While most of these steps extend or go beyond the land-sector steps announced in the June 2013 Climate Action Plan, the CAP also included other kinds of agricultural or forest actions. These included:
- Preserving the Role of Forests in Mitigating Climate Change, working to identify new approaches to protect and restore our forests, as well as other critical landscapes including grasslands and wetlands, in the face of a changing climate.
- Identifying Vulnerabilities of Key Sectors to Climate Change, reporting on the impacts of climate change on other key sectors and strategies to address them, with priority efforts including food supplies, oceans, and coastal communities.
- Conserving Land and Water Resources, implementing climate-adaptation strategies that promote resilience in fish and wildlife populations, forests and other plant communities, freshwater resources, and the ocean; as well as directing federal agencies to identify and evaluate additional approaches to improve our natural defenses against extreme weather, protect biodiversity and conserve natural resources in the face of a changing climate, and manage our public lands and natural systems to store more carbon.

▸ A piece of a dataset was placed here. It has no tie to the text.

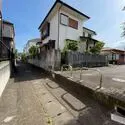 平塚市徳延 水路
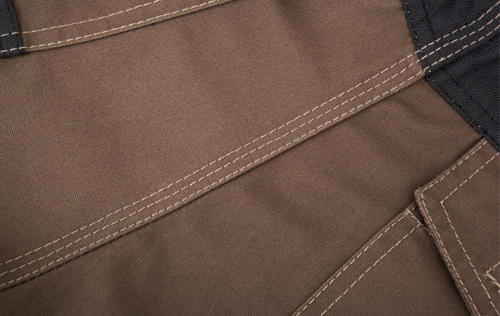 PANTALON CARGO HW DAKOTA CAFE XXL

- Maintaining Agricultural Sustainability, building on the existing network of federal climate- science research and action centers to create seven new Regional Climate Hubs to deliver tailored, science-based knowledge to farmers, ranchers, and forest landowners and work with partners to support climate resilience.
- Reducing Wildfire Risks, working to make landscapes more resistant to wildfires, which are exacerbated by heat and drought conditions resulting from climate change, and expanding and prioritizing forest and rangeland restoration efforts in order to make natural areas and communities less vulnerable to catastrophic fire.

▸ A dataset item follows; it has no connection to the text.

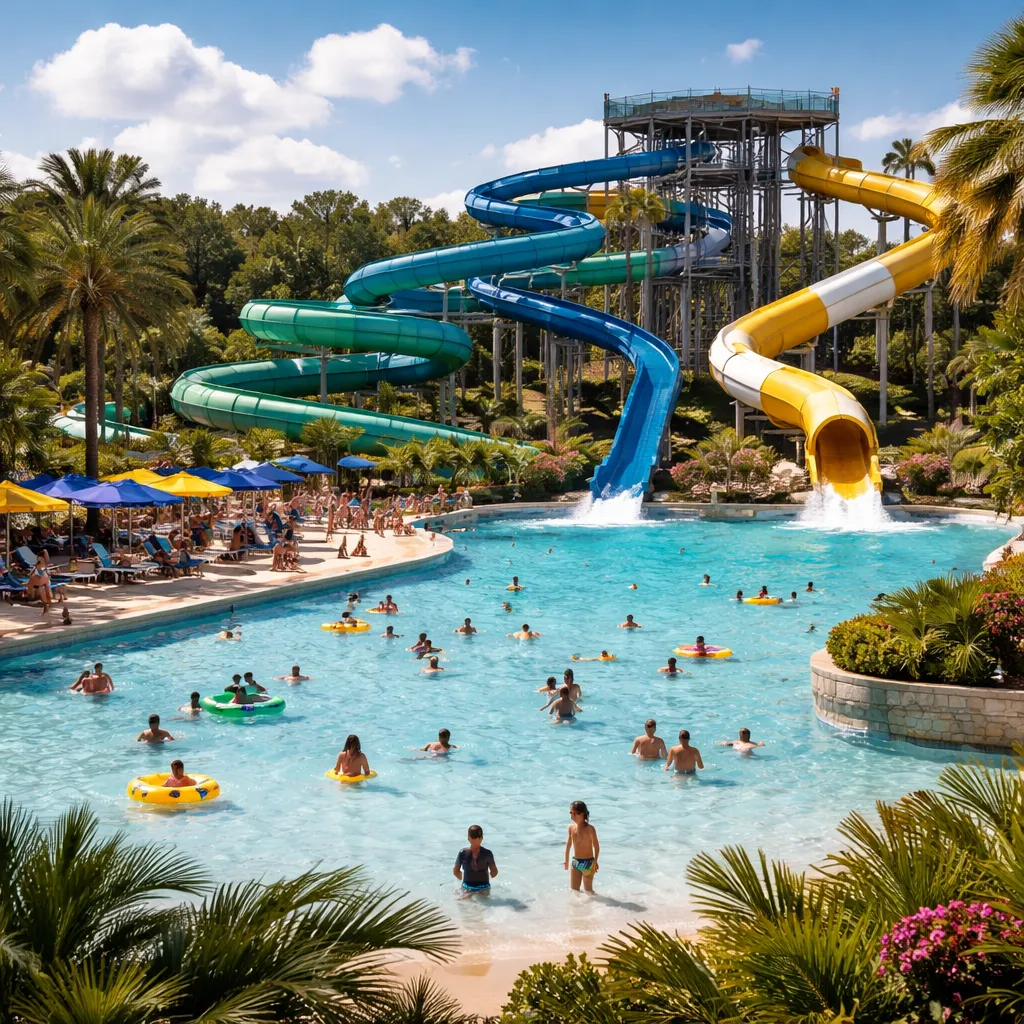 Water World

- Providing a Toolkit for Climate Resilience that centralizes access to data-driven resilience tools, services, and best practices, including access to the U.S. Geological Survey’s “visualization tool” to assess the amount of carbon absorbed by landscapes.
The Climate Action Plan also included actions to reduce emissions or increase sequestration in other countries. Most notable of these with respect to the land sector were continued support for REDD+ (Reducing Emissions from Deforestation and Forest Degradation, plus related pro-forest policies) and negotiating global free trade in environmental goods and services, with the participation of countries accounting for 90% of global trade in environmental goods.
These are all worthy initiatives and will contribute to meeting the 2020 and 2025 U.S. emission reduction pledges. But as our recent analysis shows, there is tremendous additional potential to both reduce emissions and increase sequestration in the land use sector, in areas such as reducing the excessive use of nitrogen fertilizer (which leads to dead zones such as in the Chesapeake Bay and the Gulf of Mexico, and produces nitrous oxide, a greenhouse gas 300 times as powerful as CO2), and encouraging policies and practices that will lead the American food system to produce and meet the demand for more healthful foods, which would also result in lower emissions, as pointed out by the recent Scientific Report of the Dietary Guidelines Advisory Committee.)
In the Climate Action Plan, the Administration looked forward to this year’s negotiations, stating that “The 2015 climate conference is slated to play a critical role in defining a post-2020 trajectory. We will be seeking an agreement that is ambitious, inclusive and flexible.” Those are certainly important goals for how the land sector will be included in the Paris agreement, recognizing its specificities but also the fact that it accounts for a fourth of global emissions, according to the IPCC. A good starting point would be to see substantive provisions on land use in the draft text that will come out of the Bonn UNFCCC negotiations at the end of this week.